The other night my brother in law and I were sitting downstairs playing borderlands 2, or something like that, when we heard a long stream of “dits” and “dahs” manifest itself. Being quite curious as to who was using the code up stairs I went up to find my wife on the phone texting a friend. It wasn’t any kind of code, just a useless means of communication for anything other than jokes; I despise people who want to have long conversation via text, just call me; but I digress. I realized that I haven’t studied up on the topic for some time, probably not since my scouting days, and need some refreshing. While I hate texting, I love the emergency value of knowing Morse Code.
Morse Code is a method for transmitting text information via on-off tones, lights, or clicks that can be directly understood and a listener or observer without special equipment. The international Morse Code utilizes the ISO basic Latin alphabet, a few extra Latin letters, and Arabic numerals, as well as a small set of punctuations and procedural signals all broken down to long signals called “dots” and “dashes”, or “dits” and “dahs”. For some foreign languages extensions of the Morse Code exist.

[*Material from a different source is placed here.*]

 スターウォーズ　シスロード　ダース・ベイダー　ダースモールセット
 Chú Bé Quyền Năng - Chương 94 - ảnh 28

Each letter or numeral has its own unique sequence of dots and dashes. The duration of a dash is three times the duration of a dot. Each dot or dash is followed by a short silence, equal to the dot duration. The letters of a word are separated by a space equal to three dots (one dash), and the words are separated by a space equal to seven dots. The dot duration is the basic unit of time measurement in code transmission. With that, all you need to do is memorize the sequences. For me and my wife I think I’m going to make flash cards and it can be memorized in just a few sessions over a few days.
While once well-known Morse Code today is most popular among amateur radio operators, although it is no longer required for licensing in most countries. Even pilots and air traffic controllers usually need only a cursory understanding. Aeronautical navigational aids, such as VORs and NDBs, constantly identify in Morse code. Morse Code can be a great aid because it is less sensitive to poor signal conditions, and still comprehensible to other people without decoding; if you can cause a break in an overwhelmingly static transmission on a voice channel, for example, then you can relay a message.